GLENDALE, Calif. — From the moment Ronda Rousey started to break out as a star, it seems, there has been speculation as to when she’d leave mixed martial arts behind.
Maybe it’s because Gina Carano bailed at the first sign of Hollywood fame and never returned. Maybe it’s because Rousey’s charisma draws mainstream attention to a degree no one else in the sport can capture. Maybe it’s because of that hard-to-define “it” factor. Perhaps it’s all of the above.
But all this speculation misses that the UFC women’s bantamweight champion, first and foremost, loves to fight. That’s a point she went out of her way to make Monday at an open workout promoting her UFC 170 main event title defense against Sara McMann.
Rousey was emphatic when asked whether the promise of Hollywood riches will pull her away from the sport.
“I’m a fighter,” Rousey told reporters gathered at the Glendale Fighting Club. “I enjoy fighting. I was doing judo for a decade and a half for pretty much no money. If money was really was important to me, I might be a stockbroker right now.”

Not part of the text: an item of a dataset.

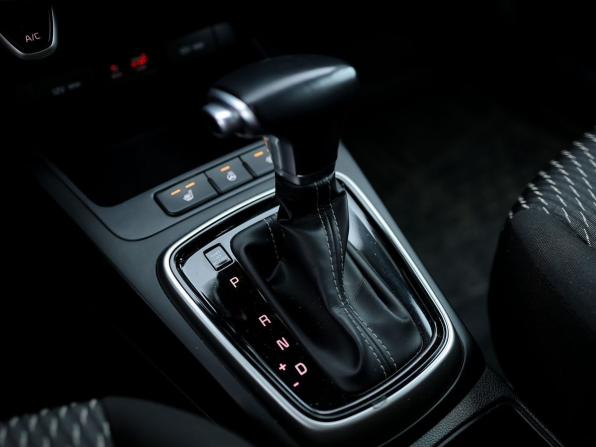 Kia Rio IV с пробегом 2018 года, цена 1 199 000 рублей, 64230 км, седан, Автокод Объявления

Of course, it wasn’t as if Rousey was being asked about a future outside the sport without reason. Just last week, her latest film projects were announced, as she’ll have roles in both “Entourage” and “The Athena Project.” Filming for the former begins in Los Angeles next month.
The way Rousey envisions an ideal life, she’ll continue to bounce between fighting and film making.
“I have two fights now and I’m doing them back to back and I take a lot of focus and a lot of energy,” Rousey said. “It would be nice to do something a little different, and miss it. By the time I do a lot of movie stuff, it would be, ‘oh my god, it’s cool and all,’ but I’m tired of getting my makeup done every day and they’re destroying my hair and I just want to get into the gym. … They both make me miss the other and I feel they both make me better at the other.”
Rousey believes a bit of mental synergy went helped forge her “Entourage” role. She says didn’t watch the show during it’s run on HBO, and only began watching it recently, when she was looking for a distraction from training leading up to her UFC 168 title defense against Miesha Tate.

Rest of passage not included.